Task directions — Omit the images. Restate all of the records word for word.

══════════

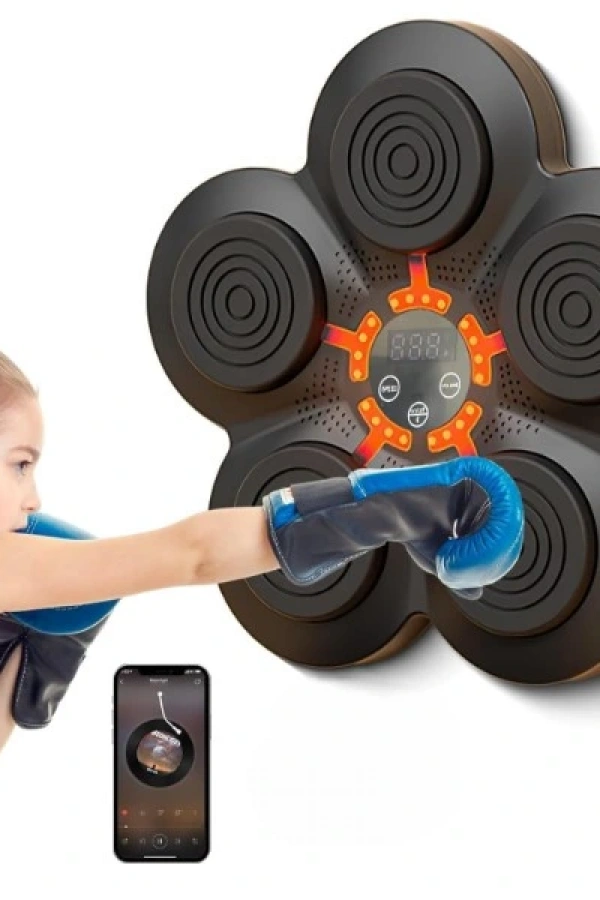 Müzikli Boks Makinesi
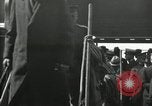Immagine di Elihu Root alla conferenza sul disarmo di Washington Washington DC USA, 1921, secondo 4 filmato di repertorio 65675040002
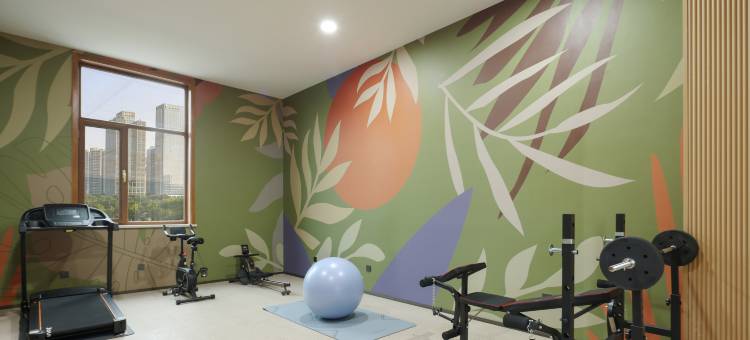 烟台高铁站南大街丽呈酒店图片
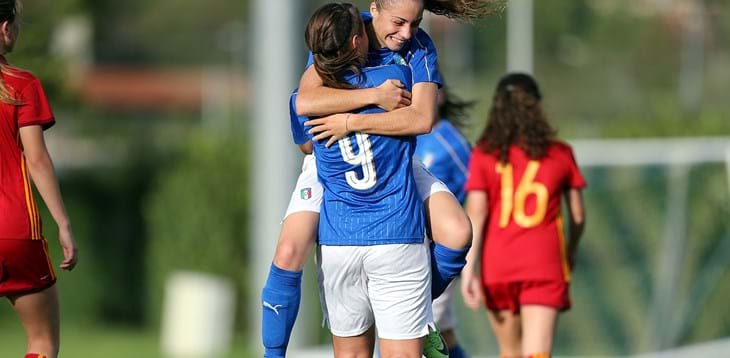 Pareggio di prestigio contro le Campionesse d'Europa della Spagna: a Coverciano finisce 2-2
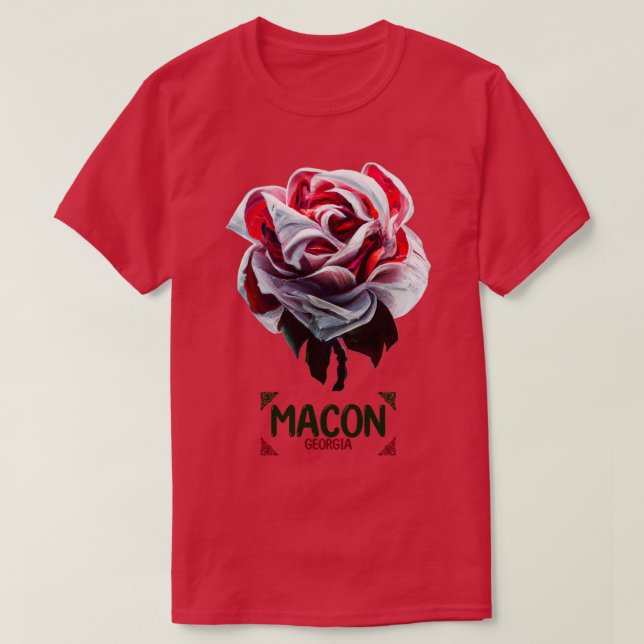 T-shirt Macon Géorgie 3 (Design devant)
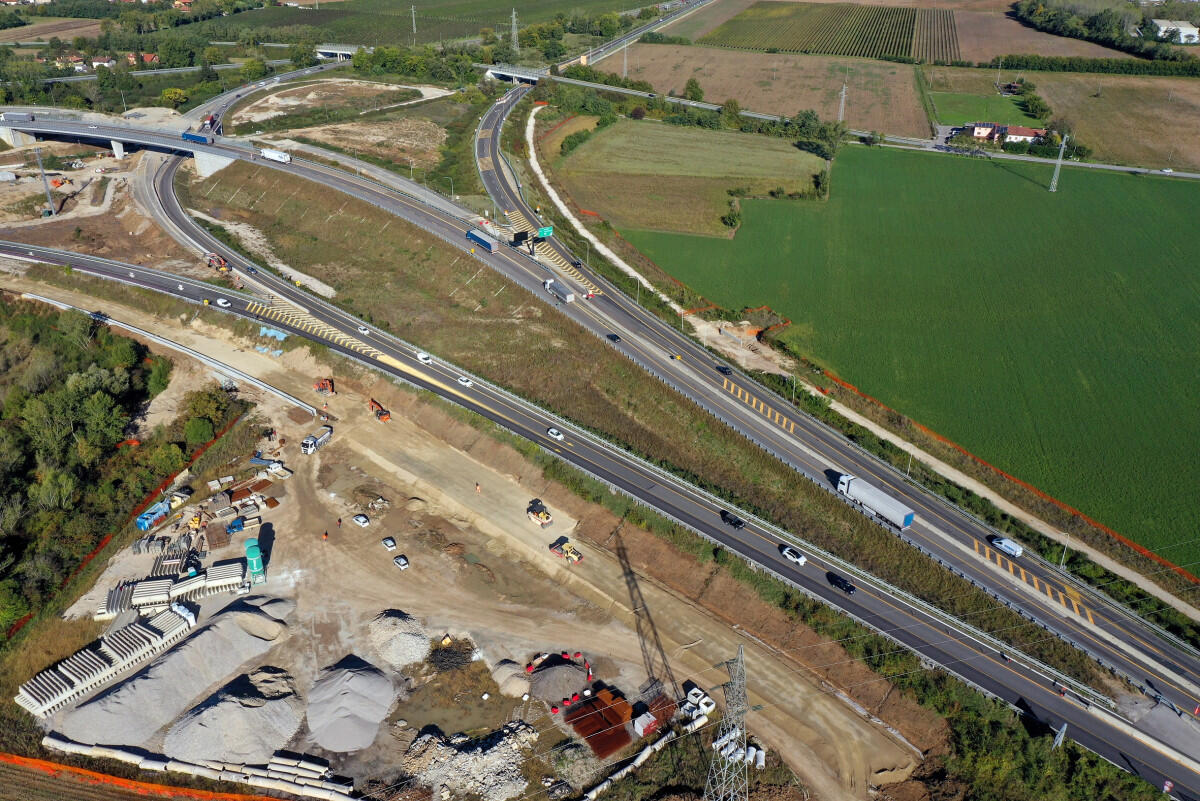 Autostrada, lavori: chiusura del Nodo di Palmanova lunedì notte - 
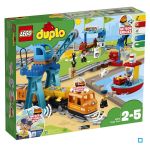 Duplo 10875 - Ma Ville : Le train de marchandises
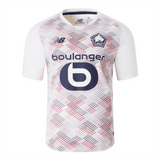 New Balance Youth Lille LOSC Away Short Sleeve Jersey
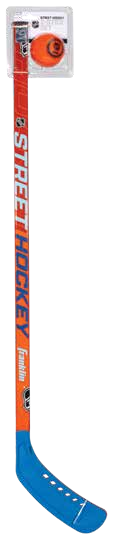 Franklin Youth Street Hockey Stick + Ball Set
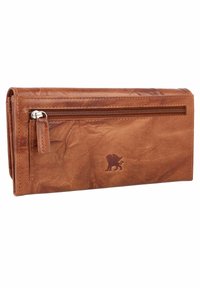 mano DONNA AURONA  - Geldbörse - cognac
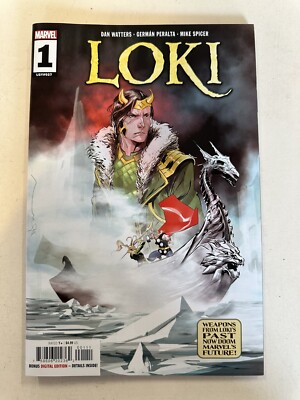 Loki #1 (2023 Marvel Comics) 1st Print Unread Bagged & Boarded  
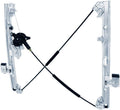 Front Driver Side Power Window Regulator with Motor Pack of 2 N276465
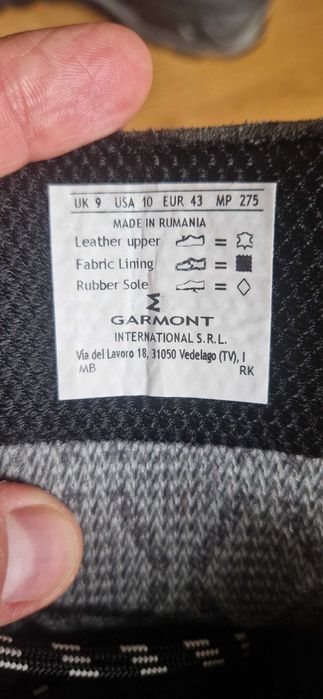 Bocanci trekking Garmont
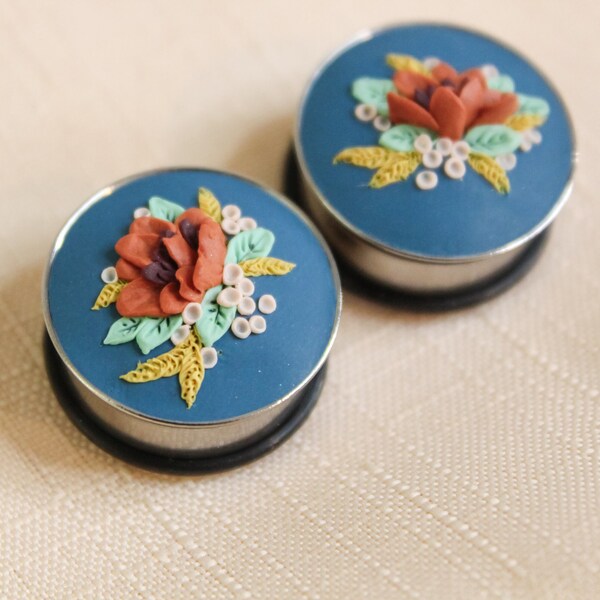 Polymer Clay Gauges Etsy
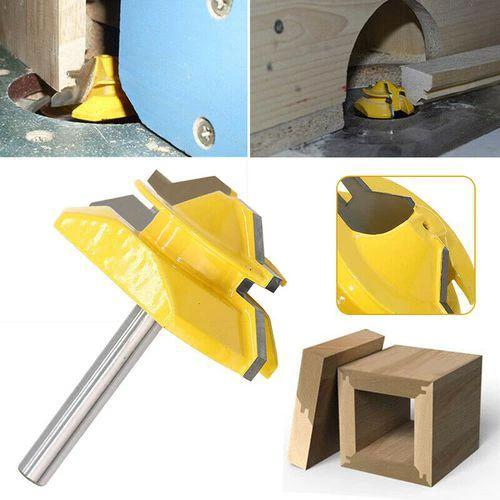 MèChe for angled cutting with lock at 45° by Bowlift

══════════

Response to this task —
 Müzikli Boks Makinesi
Immagine di Elihu Root alla conferenza sul disarmo di Washington Washington DC USA, 1921, secondo 4 filmato di repertorio 65675040002
 烟台高铁站南大街丽呈酒店图片
 Pareggio di prestigio contro le Campionesse d'Europa della Spagna: a Coverciano finisce 2-2
 T-shirt Macon Géorgie 3 (Design devant)
 Autostrada, lavori: chiusura del Nodo di Palmanova lunedì notte - 
 Duplo 10875 - Ma Ville : Le train de marchandises
 New Balance Youth Lille LOSC Away Short Sleeve Jersey
 Franklin Youth Street Hockey Stick + Ball Set
 mano DONNA AURONA  - Geldbörse - cognac
 Loki #1 (2023 Marvel Comics) 1st Print Unread Bagged & Boarded  
 Front Driver Side Power Window Regulator with Motor Pack of 2 N276465
 Bocanci trekking Garmont
 Polymer Clay Gauges Etsy
 MèChe for angled cutting with lock at 45° by Bowlift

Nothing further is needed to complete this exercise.